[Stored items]
•••
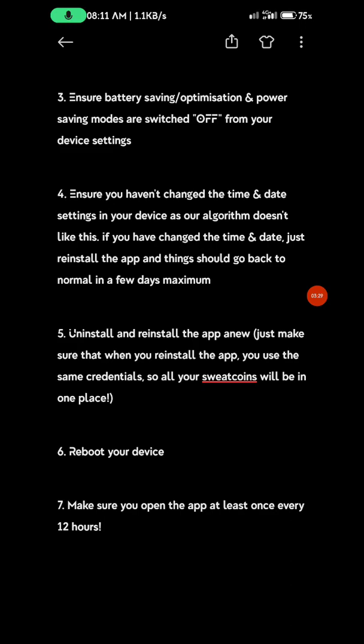Step 6: Reboot your device so everything starts afresh. Also, don't let more than 12 hours pass before opening the app. Just open and close it to keep it active.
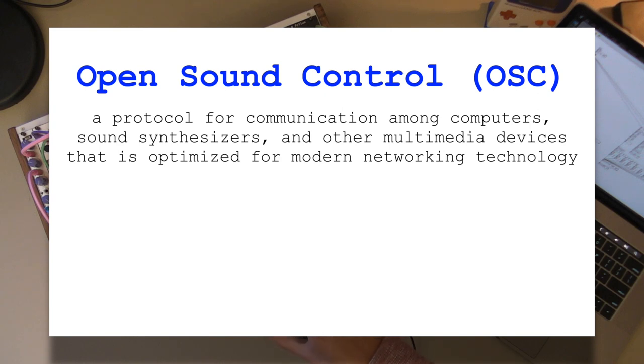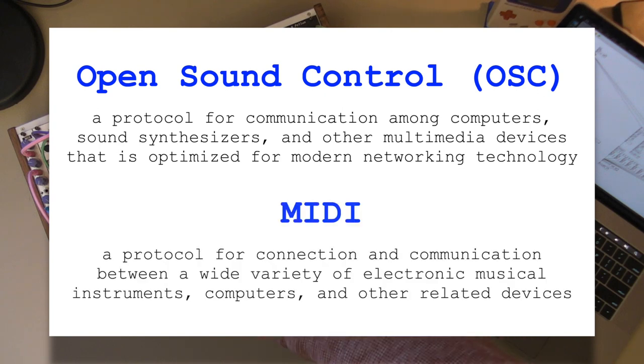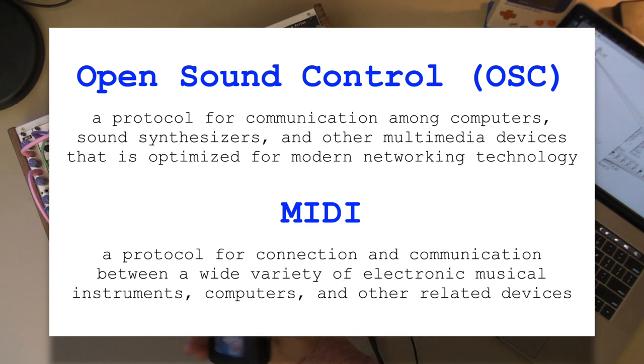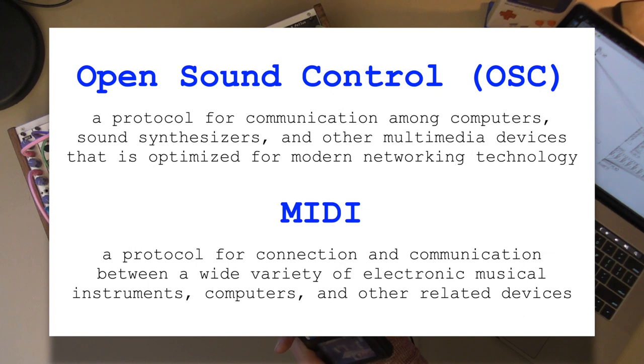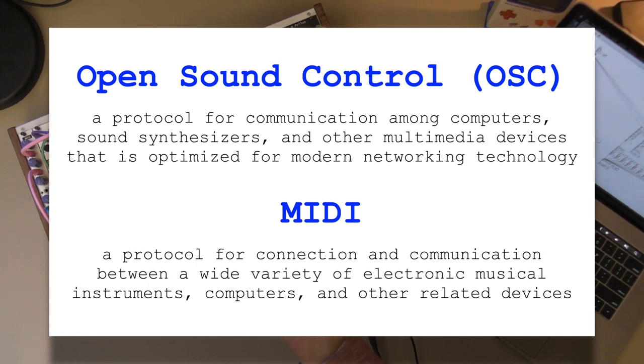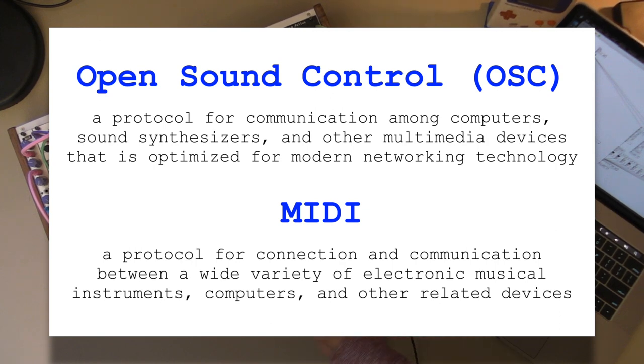Okay, what does that mean? Well we can compare that to our definition of MIDI, musical instrument digital interface, that's extremely commonplace in consumer music control equipment. MIDI is defined as a protocol for connection and communication between a wide variety of electronic musical instruments, computers, and other related devices.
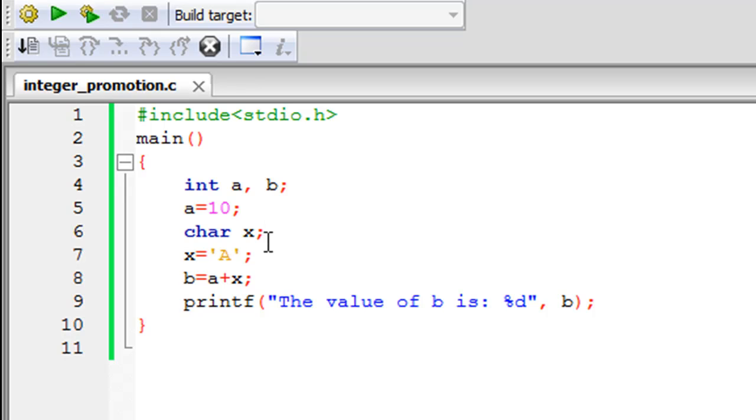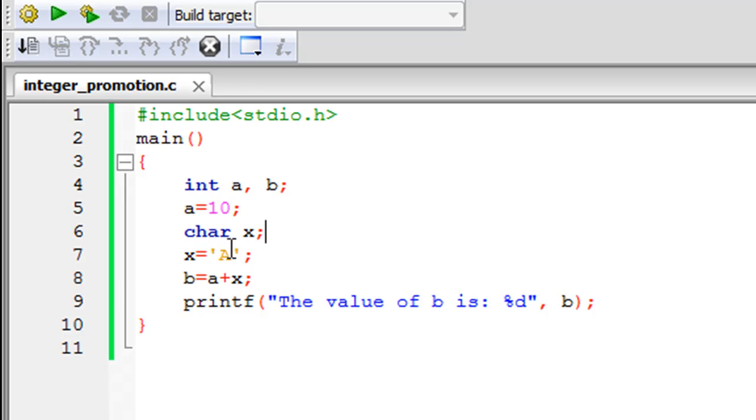Each character basically has a numeric value and that's how the characters are recognized by the computer. The value corresponding to capital A or uppercase A is 65, and the value corresponding to lowercase a is 97.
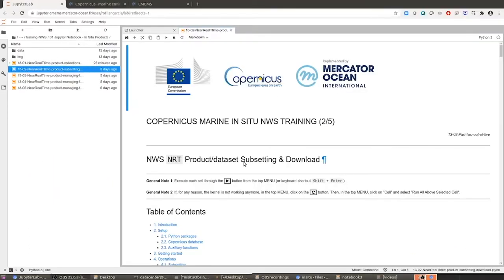Dear all, thank you for continuing with the material dedicated to the in-situ products in the Copernicus Marine Service. In this case, we are going to run notebook number 2, which focuses on how to subset the product in order to keep only the files that contain the information you need and how to download only these files. This is the aim of this notebook, and according to me, this one and the previous one are the most important notebooks provided here.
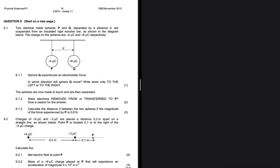Sphere Q experiences an electrostatic force — in which direction will sphere Q move? Down, to the left, or to the right? We have sphere P which is negatively charged and sphere Q which is positively charged, so they're going to attract each other because opposite charges attract. Sphere Q is going to be attracted to the left.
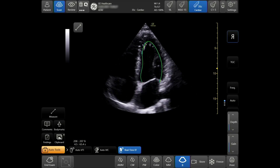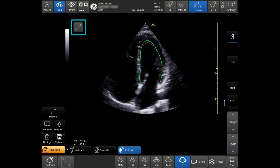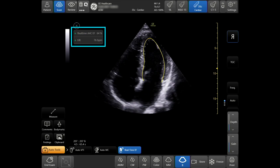If measurements are not displayed, tap the measurement icon to see the calculations.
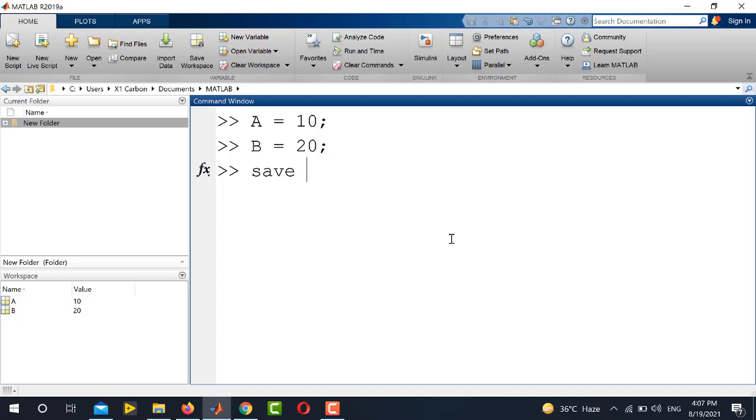For example, I want to write var as the name of the variable with which I want to save. And in the second place, you will write the exact name of the variable here. For example, I want to save A.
•••
Assigned task: Lines from the one that contains "Dear all, thank" through the last line of the data above are to be extracted exactly, with no pictures and no other lines.

Exercise solution:
Dear all, thank you for continuing with the material dedicated to the in-situ products in the Copernicus Marine Service. In this case, we are going to run notebook number 2, which focuses on how to subset the product in order to keep only the files that contain the information you need and how to download only these files. This is the aim of this notebook, and according to me, this one and the previous one are the most important notebooks provided here.
Sphere Q experiences an electrostatic force — in which direction will sphere Q move? Down, to the left, or to the right? We have sphere P which is negatively charged and sphere Q which is positively charged, so they're going to attract each other because opposite charges attract. Sphere Q is going to be attracted to the left.
If measurements are not displayed, tap the measurement icon to see the calculations.
For example, I want to write var as the name of the variable with which I want to save. And in the second place, you will write the exact name of the variable here. For example, I want to save A.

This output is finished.